# TBX Mahoning div 2018 schedule



## BASSINONE (Oct 24, 2013)

Team Bass xtreme is pleased to announce our 2018 schedule. We posted it on our facebook, and web site back on Nov 1st. With all other circuits putting schedules together, we will now post ours here on OGF.


OPEN....April 7 Portage lakes
OPEN....Sept 29 Mosquito Xtreme mega payout. 1 day, 3000.00 1st place.

#1 Mosquito lake 4/21
#2 W Branch 5/12
#3 Mosquito 6/9
#4 Milton 7/14
#5 Berlin 8/18
Classic 10--13/14 at Powhatan point, Ohio river. 

This is our team division.
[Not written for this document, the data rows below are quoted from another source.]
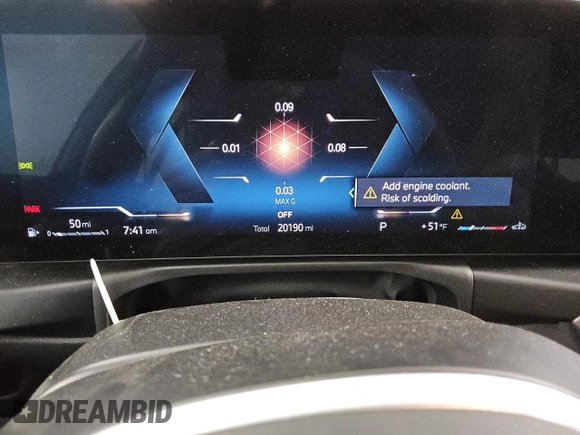 2024 BMW 3 Series 330i xDrive z VIN 3MW89FF05R8E63867, wystawiony jako Copart lot #89361635 z przebiegiem 20 190 mil mil oraz Czysty tytuł • Clean title. Historia ofert i sprzedaży dostępna na DreamBid. Obrazek 9.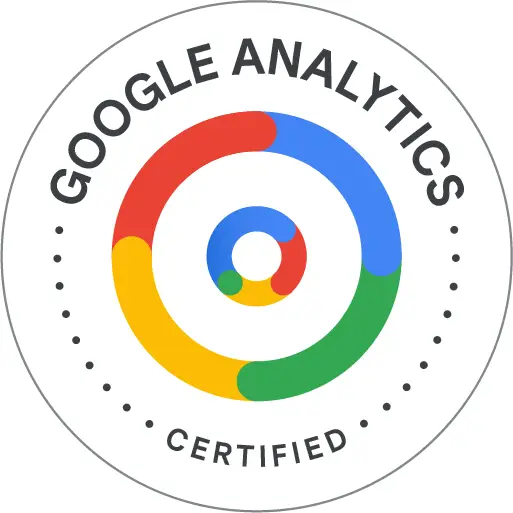 Google Analytics 4 Certified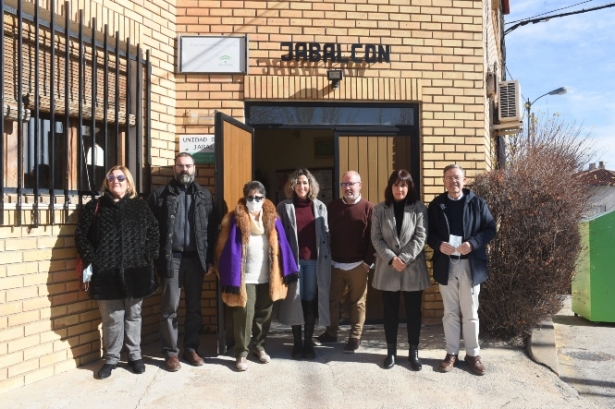 Visita a Jabalcón (DIPGRA)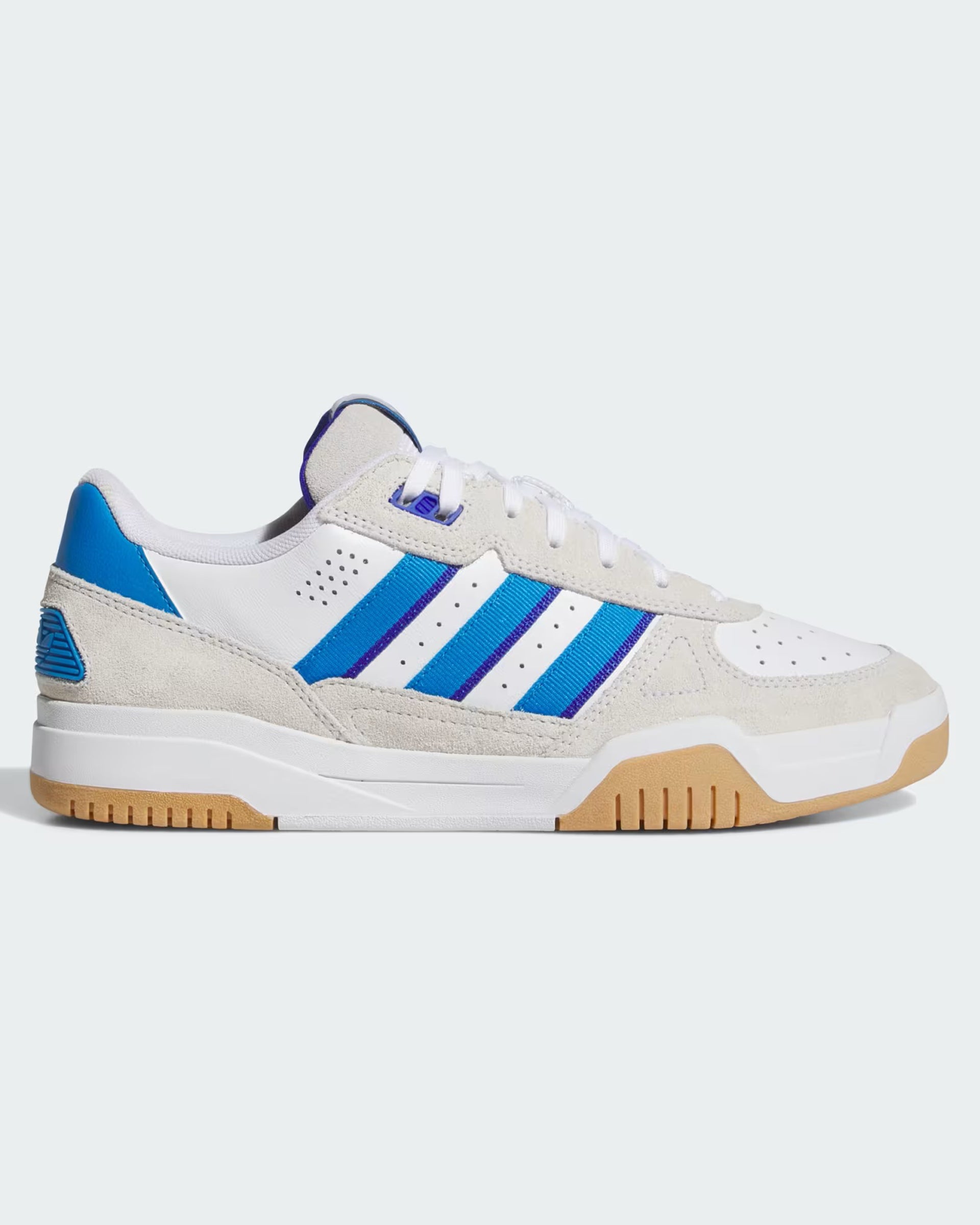 Adidas Tekkira Cup Shoes - Cloud White/Bright Blue/Lucid Blue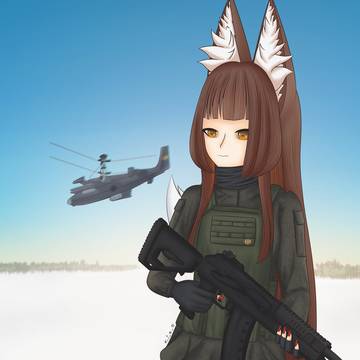 :>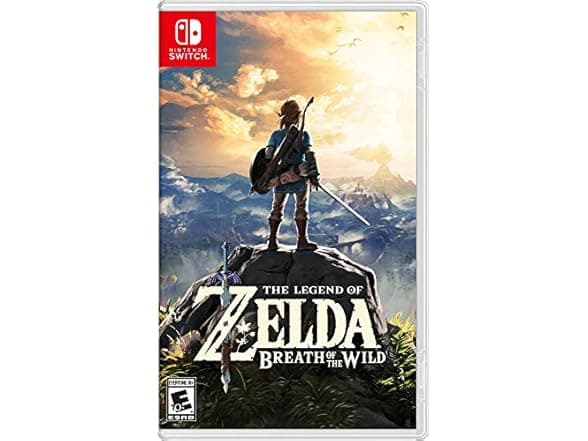 The Legend of Zelda: Breath of the Wild - Nintendo Switch - image 1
For more info....330-760-182zero teambassxtreme.com


----------



## whalestation (Sep 24, 2014)

If anyone is looking for a non-boater partner, I am looking to hook up with someone to split fees, gas, hotels, food, bail...
I have fished tourneys in the past and have fished with team bass central division.
Please contact me if interested [email protected] or call/txt 614-394-2601
Carpe Diem
Travis


----------



## BASSINONE (Oct 24, 2013)

We are adding another open......Sat Sept 29th. at Mosquito. This will be a Xtreme payback tournament. 1 day, 3000.00 for 1st. limited to first 50 boats. Flyers coming.


----------



## Buzzking (Feb 15, 2013)

Thanks for not scheduling your tournaments on top of other major circuits!


----------